Çevik Bir, Keçeli’nin ince, bir o kadar da yüzeysel sınavına bile takılıp kalmıştı, ancak asıl baba sınavı aşması çok zordu. O gece, konuşmasını “Ben haddini bilen insanım. Hata yapıyorsun diyorsanız vazgeçerim” diyerek bitirmesi de, bir bakıma kendisinin de bunun farkında olduğunu itiraf etmesi anlamı taşıyordu. “Think thank”, balans “tank”inden farklıydı. Meret, emirle değil, fikirle yürüyordu.6
Çevik Bir’in “cumhurbaşkanlığına adayım” demesinin kuşkusuz olumlu yanları ağırlıktaydı. Hatta olumsuzluk aramak, zorlama bir uğraş olurdu. Bir’in adaylığını açıklaması, uzun zamandır kısık seslerle yürütülen cumhurbaşkanlığı tartışmalarının artık açıktan açığa yapılmasının dönüm noktası oldu.

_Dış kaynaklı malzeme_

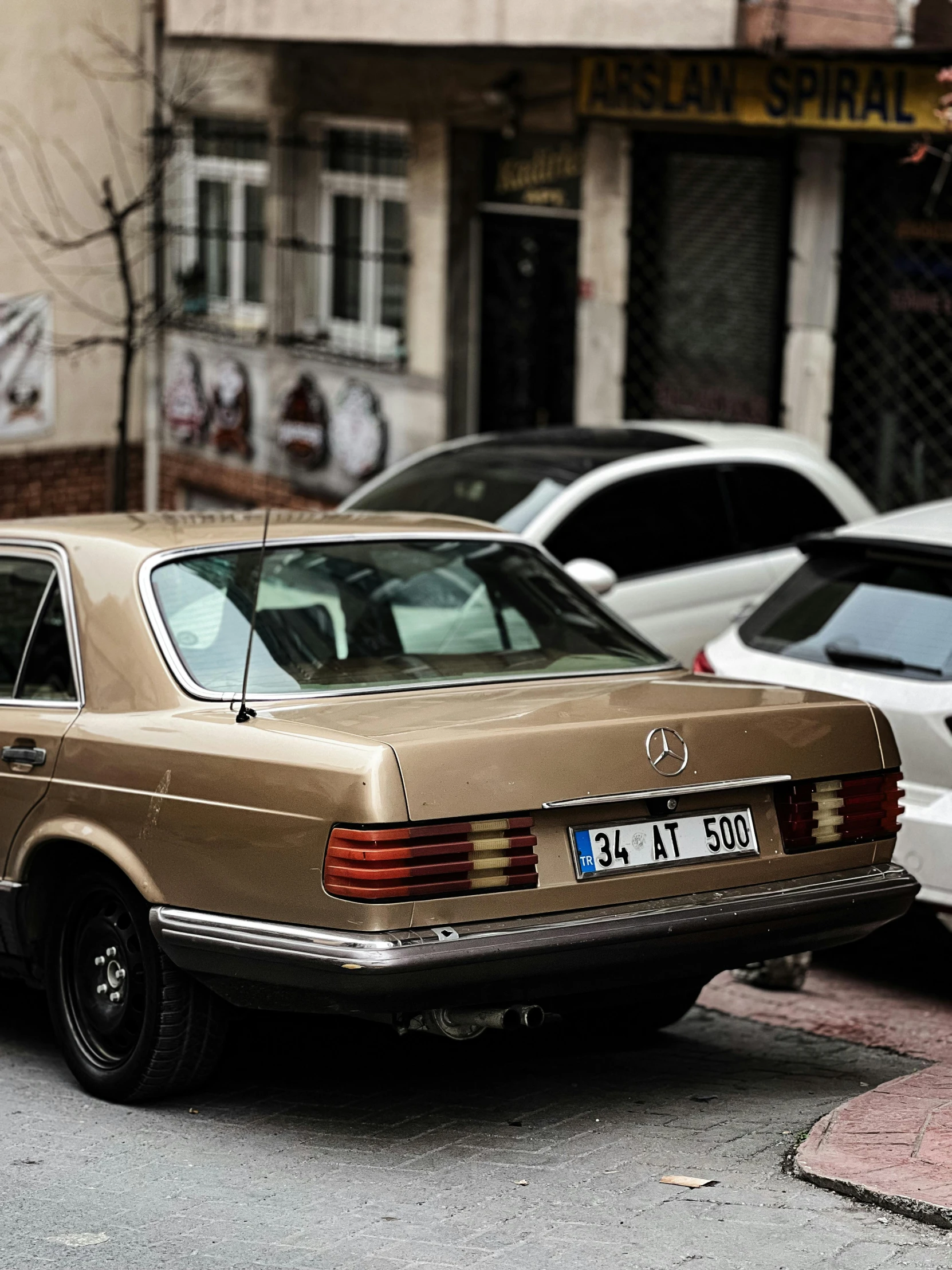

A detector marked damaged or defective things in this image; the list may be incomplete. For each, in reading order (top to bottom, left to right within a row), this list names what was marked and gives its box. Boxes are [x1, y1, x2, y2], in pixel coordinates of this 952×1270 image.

torn poster on wall [0, 293, 53, 442]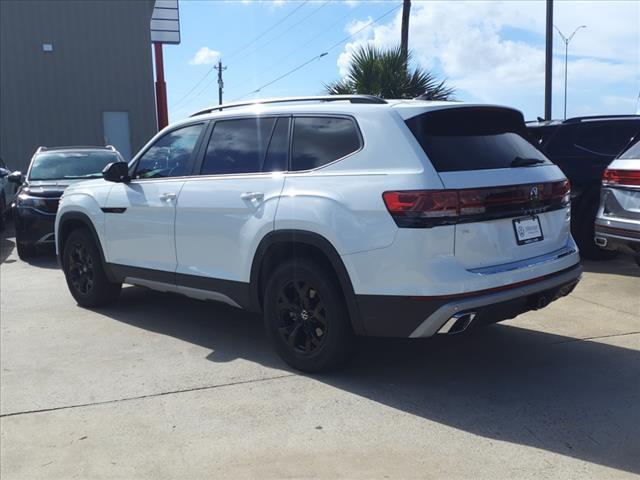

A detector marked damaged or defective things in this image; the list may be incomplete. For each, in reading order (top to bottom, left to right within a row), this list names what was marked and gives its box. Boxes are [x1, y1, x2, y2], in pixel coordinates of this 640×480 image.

pavement crack [0, 374, 296, 418]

Taktik bir çıkış olabilir miydi Çevik Bir’in çıkışı? Sorulması ve üzerinde düşünülmesi gereken önemli bir soru da buydu… Paşa, geçmişte atak mizacından dolayı bir sürecin koro şefliğini üstlenmişti, şimdi de gerçekte başka birilerinin arzusu olan yasal zeminin hazırlanması için itiliyor olması pekâlâ mümkündü. Hatta bu hesapta bir taşla iki kuş vurulması, yani hem siyaseten netice almak, hem de ismi bir anlayışla özdeşleşmiş kişinin şahsında bazı çevrelere ne kadar tasvip edildiklerini göstermek de olabilirdi. Ya da kimi eski silah arkadaşları dahil, birilerinin, mesela Süleyman Demirel’e yakınlığıyla bilinen ve Çevik Bir’in siyasi kirveliğini üstlenen Ali Şen’in, Bir’in gerçekte sabun köpüğü olduğunu kanıtlamaya azmetmiş olabileceği”7 gibi…
Bu çerçevede, Genelkurmay’ın Çevik Bir’in cumhurbaşkanlığı adaylığına ilişkin tavrı büyük önem arz ediyordu. Eğer asker, Bir’in girişimini desteklediğini açıklarsa, Bir’in tek başına bir macera içinde olmadığı yorumları haklılık kazanacaktı. Fakat öyle olmadı. Genel Kurmay Başkanı Orgeneral Hüseyin Kıvrıkoğlu, Çevik Bir’in girişimini desteklemediklerini, hatta Bir’in yanlış yaptığını açıkladı. Bu açıklamayla, Paşa’ya kucak açan, halktan kopuk olma özelliklerini “seçkin” sıfatıyla kamufle eden azınlık ile Çevik Bir baş başa kaldılar. Üç–beş ağaca yakından bakarak karşısında orman olduğunu zanneden Çevik Bir, “Truva Atı” konumuna düşürüldüğünü fark etti mi, bilmiyoruz. Fakat Çevik Paşa, adaylığını açıklaması sayesinde siyaset sahnesinde boy göstermenin ne kadar zor olduğunu, halkın “ben bilirimci” tepeden bakmalara prim vermediğini anlamış oldu. Cumhurbaşkanlığına adaylık, gerekli şartlara hâiz her Türk vatandaşının hakkıydı. Aynı hakkı kullanacağını açıklayan Tunceli Milletvekili Kamer Genç ile Çevik Bir eşitti artık.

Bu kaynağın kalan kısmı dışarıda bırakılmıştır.